The delivery staffs who once hauled computer parts and knock-off phones in the carts are now carrying Mac lipsticks, Bioderma cleanser and other international beauty brands.

The wholesale cosmetics retailers have started their business in 1,400 stalls in the Mingtong mall. And the merchants are expected to operate the wide market until 2 AM to meet the booming demand.

“It doesn’t matter what promotions are happening, it’s this busy every night,” said a seller surnamed Ying.

Ying opened her cosmetics stall three months ago and she is part of a quick makeover in this entrepreneurial city’s landmark electronics market.

Huaqiangbei has hundreds of multi-storey malls which was home for about 38,000 companies that have historically sold microchip reels and other components. It is also a matchmaking hub for the multinational businesses who wish to get products manufactured from the nearby factories.

Lin Muxu, general manager of the Mingtong Digital City market, who has worked in Huaqiangbei for 15 years said, “We used to just sell phone parts, but by 2016 some of the markets were 50 percent vacant, so we needed to try something else to survive. We saw there’s a great demand for beauty products, whether it’s teenagers, women or men in their 60s and 70s.”

The beauty business

According to official data, Chinese consumers have a high demand for cosmetics. The cosmetic market witnessed increased sales of $39.26 billion, showing a hike of up to 5.9 percent in annual data from January to October. But, the wholesale-retail sales fell 5.9 percent during the same period.

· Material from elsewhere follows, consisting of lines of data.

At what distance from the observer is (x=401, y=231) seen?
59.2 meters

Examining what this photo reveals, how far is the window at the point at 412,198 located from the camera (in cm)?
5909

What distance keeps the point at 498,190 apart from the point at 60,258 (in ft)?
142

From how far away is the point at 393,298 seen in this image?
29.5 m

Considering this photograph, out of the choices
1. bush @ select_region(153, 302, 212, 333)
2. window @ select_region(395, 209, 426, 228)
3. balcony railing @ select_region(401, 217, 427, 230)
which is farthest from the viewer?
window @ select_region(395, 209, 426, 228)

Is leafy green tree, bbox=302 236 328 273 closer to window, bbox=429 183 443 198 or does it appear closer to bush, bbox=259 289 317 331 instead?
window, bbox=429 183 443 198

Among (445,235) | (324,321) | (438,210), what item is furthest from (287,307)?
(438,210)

“Although Mingtong had hosted a smattering of cosmetics dealers for several years, the business took off this year when border closures halted the flow of traders going to Hong Kong and picking up tax-free goods for resale,” commended representative of wholesalers.

A trader named Scott said, “For importers with the right licenses, we can buy in bulk here and sell products at a few cents’ markup each. It’s a bit of a grey area,” he said, adding that not all sellers report or go through proper channels for their imported products.

Some customers buy products in small lots on the market to sell on Chinese eCommerce websites such as Alibaba’s Taobao.

“It’s a few at a time, but we’re moving such volumes that there’s a good profit to be made,” Mr. Scott said.

Seller Eva Zhou said all her European cosmetics were genuine, though near the end of their shelf lives. She fears that as more sellers flock to the market, margins will be squeezed more.

“I think a lot of people have lost their jobs with the virus, and now there’s good money to be had here, but it won’t work if everyone is doing it,” she added.